Your instructions: Without copying the images, write out all the entries below verbatim.

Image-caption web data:
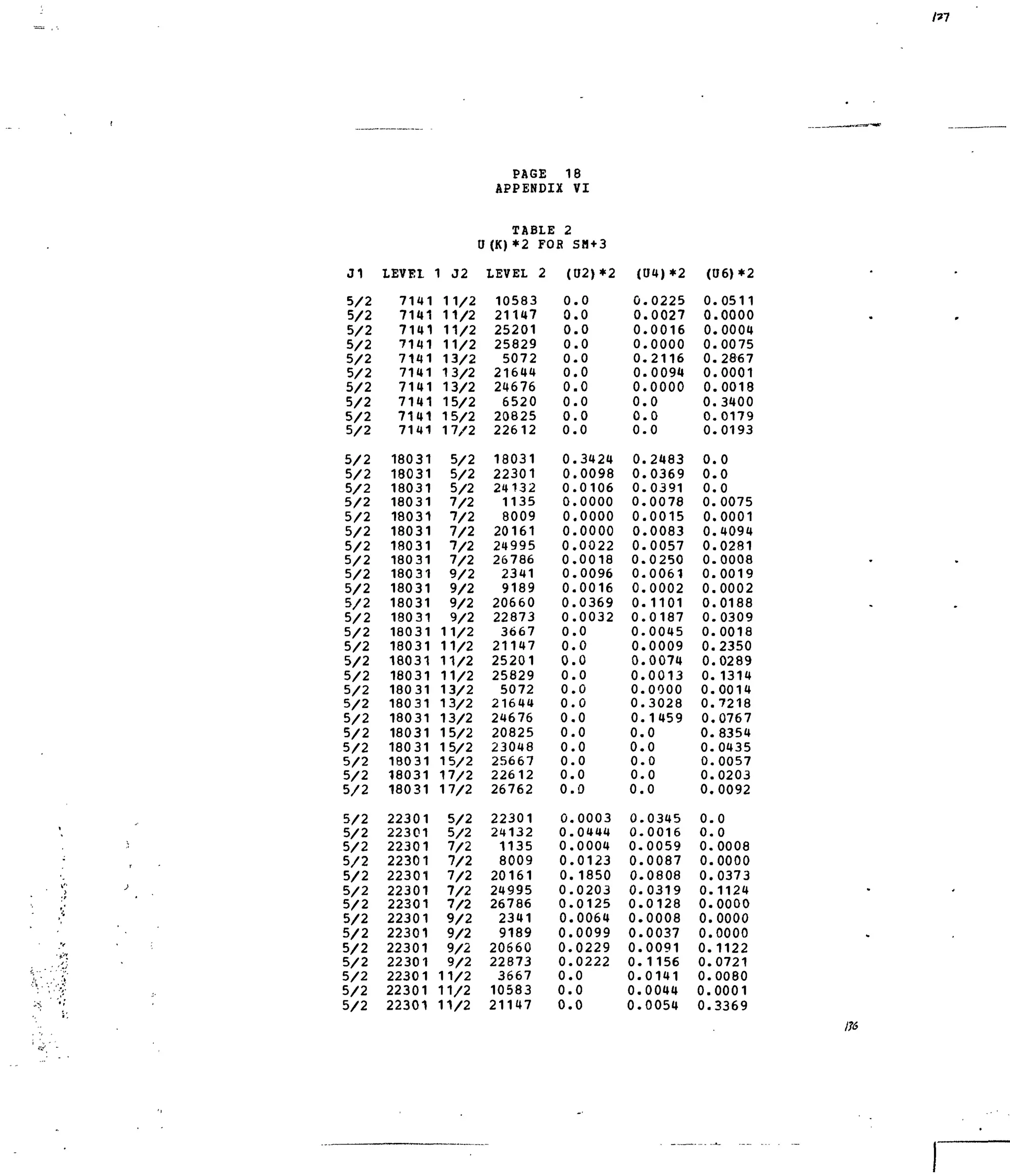 J1
5 / 2
5/2
5 / 2
5 / 2
5 / 2
5 / 2
5 / 2
5 / 2
5 / 2
5 / 2
5 / 2
5 / 2
5 / 2
5 / 2
5 / 2
5 / 2
5 / 2
5 / 2
5 / 2
5 / 2
5 / 2
5 / 2
5 / 2
5 / 2
5 / 2
5 / 2
5 / 2
5 / 2
5 / 2
5 / 2
5 / 2
5 / 2
5 / 2
5 / 2
5 / 2
5 / 2
5 / 2
5/2
5 / 2
5 / 2
5 / 2
5 / 2
5/2
5 / 2
5 / 2
5 / 2
5 / 2
5 / 2
LEVE1
7141
7141
7141
7141
7141
7141
7141
7141
7141
7141
18031
18031
18031
18031
18031
18031
18031
18031
18031
18031
18031
18031
18031
18031
18031
18031
18031
18031
18031
18031
18031
18031
18031
18031
22301
22301
22301
22301
22301
22301
22301
22301
22301
22301
22301
22301
22301
22301
1 J2
11/2
11/2
11/2
11/2
13/2
13/2
13/2
15/2
15/2
17/2
5/2
5 / 2
5/2
7/2
7 / 2
7/2
7/2
7/2
9 / 2
9/2
9/2
9/2
11/2
11/2
11/2
11/2
13/2
13/2
13/2
15/2
15/2
15/2
17/2
17/2
5/2
5/2
7/2
7/2
7/2
7/2
7/2
9 / 2
9/2
9/2
9/2
11/2
11/2
11/2
PAGE 18
APPENDIX
TABLE: 2
U (K) *2 FOB
LEVEL 2
10583
21147
25201
25829
5072
21644
24676
6520
20825
22612
18031
22301
24132
1135
8009
20161
24995
26786
2341
9189
20660
22873
3667
21147
25201
25829
5072
21644
24676
20825
23048
25667
22612
26762
22301
24132
1135
8009
20161
24995
26786
2341
9189
20660
22873
3667
10583
21147
V I
SM +3
( 0 2 ) * 2
0
0
0
0
0
0
0
0
0
0
0
0
0
0
0
0
0
0
0
0
0
0
0
0
0
0
0
0
0
0
0
0,
0,
0,
0.
0.
0.
0.
0.
0.
0.
0.
0.
0 .
0.
0.
0 .
0 .
. 0
.0
.0
.0
. 0
.0
.0
.0
.0
.0
.3424
.0098
.0106
.0000
.0000
.0000
. 0 0 2 2
.0018
.0096
.0016
.0369
.0032
.0
. 0
.0
.0
.0
.0
.0
.0
.0
.0
.0
.0
,0003
,0444
,0004
,0123
, 1850
,0203
.0125
,0064
0099
0229
0222
0
0
0
(U4)*2
0
0
0
0
0
0
0
0
0
0
0
0
0
0
0
0
0
0,
0
0,
0,
0,
0,
0,
0,
0,
0.
0.
0.
0.
0.
0.
0.
0.
0.
0.
0 .
0.
0.
0.
0 .
0 .
0 .
0 .
0.
0.
0.
0 .
.0225
.0027
.0016
.0000
.2116
.0094
.0000
. 0
. 0
. 0
.2483
.0369
.0391
.0078
.0015
.0083
.0057
.0250
.0061
.0002
.1101
.0187
.0045
.0009
.0074
.0013
.0000
.3028
.1459
,0
,0
.0
,0
,0
.0345
0016
0059
0087
0808
0319
0128
0008
0037
0091
1156
0141
0044
0054
(U6)*2
0.0511
0.0000
0.0004
0.0075
0.2867
0.0001
0.0018
0.3400
0.0179
0.0193
0 . 0
0 . 0
0 . 0
0.0075
0.0001
0.4094
0.0281
0.0008
0.0019
0.0002
0.0188
0.0309
0.0018
0.2350
0.0289
0.1314
0.0014
0.7218
0.0767
0.8354
0.0435
0.0057
0.0203
0.0092
0 . 0
0 . 0
0.0008
0.0000
0.0373
0.1124
0.0000
0.0000
0.0000
0.1122
0.0721
0.0080
0.0001
0.3369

Answer space:
 J1
5 / 2
5/2
5 / 2
5 / 2
5 / 2
5 / 2
5 / 2
5 / 2
5 / 2
5 / 2
5 / 2
5 / 2
5 / 2
5 / 2
5 / 2
5 / 2
5 / 2
5 / 2
5 / 2
5 / 2
5 / 2
5 / 2
5 / 2
5 / 2
5 / 2
5 / 2
5 / 2
5 / 2
5 / 2
5 / 2
5 / 2
5 / 2
5 / 2
5 / 2
5 / 2
5 / 2
5 / 2
5/2
5 / 2
5 / 2
5 / 2
5 / 2
5/2
5 / 2
5 / 2
5 / 2
5 / 2
5 / 2
LEVE1
7141
7141
7141
7141
7141
7141
7141
7141
7141
7141
18031
18031
18031
18031
18031
18031
18031
18031
18031
18031
18031
18031
18031
18031
18031
18031
18031
18031
18031
18031
18031
18031
18031
18031
22301
22301
22301
22301
22301
22301
22301
22301
22301
22301
22301
22301
22301
22301
1 J2
11/2
11/2
11/2
11/2
13/2
13/2
13/2
15/2
15/2
17/2
5/2
5 / 2
5/2
7/2
7 / 2
7/2
7/2
7/2
9 / 2
9/2
9/2
9/2
11/2
11/2
11/2
11/2
13/2
13/2
13/2
15/2
15/2
15/2
17/2
17/2
5/2
5/2
7/2
7/2
7/2
7/2
7/2
9 / 2
9/2
9/2
9/2
11/2
11/2
11/2
PAGE 18
APPENDIX
TABLE: 2
U (K) *2 FOB
LEVEL 2
10583
21147
25201
25829
5072
21644
24676
6520
20825
22612
18031
22301
24132
1135
8009
20161
24995
26786
2341
9189
20660
22873
3667
21147
25201
25829
5072
21644
24676
20825
23048
25667
22612
26762
22301
24132
1135
8009
20161
24995
26786
2341
9189
20660
22873
3667
10583
21147
V I
SM +3
( 0 2 ) * 2
0
0
0
0
0
0
0
0
0
0
0
0
0
0
0
0
0
0
0
0
0
0
0
0
0
0
0
0
0
0
0
0,
0,
0,
0.
0.
0.
0.
0.
0.
0.
0.
0.
0 .
0.
0.
0 .
0 .
. 0
.0
.0
.0
. 0
.0
.0
.0
.0
.0
.3424
.0098
.0106
.0000
.0000
.0000
. 0 0 2 2
.0018
.0096
.0016
.0369
.0032
.0
. 0
.0
.0
.0
.0
.0
.0
.0
.0
.0
.0
,0003
,0444
,0004
,0123
, 1850
,0203
.0125
,0064
0099
0229
0222
0
0
0
(U4)*2
0
0
0
0
0
0
0
0
0
0
0
0
0
0
0
0
0
0,
0
0,
0,
0,
0,
0,
0,
0,
0.
0.
0.
0.
0.
0.
0.
0.
0.
0.
0 .
0.
0.
0.
0 .
0 .
0 .
0 .
0.
0.
0.
0 .
.0225
.0027
.0016
.0000
.2116
.0094
.0000
. 0
. 0
. 0
.2483
.0369
.0391
.0078
.0015
.0083
.0057
.0250
.0061
.0002
.1101
.0187
.0045
.0009
.0074
.0013
.0000
.3028
.1459
,0
,0
.0
,0
,0
.0345
0016
0059
0087
0808
0319
0128
0008
0037
0091
1156
0141
0044
0054
(U6)*2
0.0511
0.0000
0.0004
0.0075
0.2867
0.0001
0.0018
0.3400
0.0179
0.0193
0 . 0
0 . 0
0 . 0
0.0075
0.0001
0.4094
0.0281
0.0008
0.0019
0.0002
0.0188
0.0309
0.0018
0.2350
0.0289
0.1314
0.0014
0.7218
0.0767
0.8354
0.0435
0.0057
0.0203
0.0092
0 . 0
0 . 0
0.0008
0.0000
0.0373
0.1124
0.0000
0.0000
0.0000
0.1122
0.0721
0.0080
0.0001
0.3369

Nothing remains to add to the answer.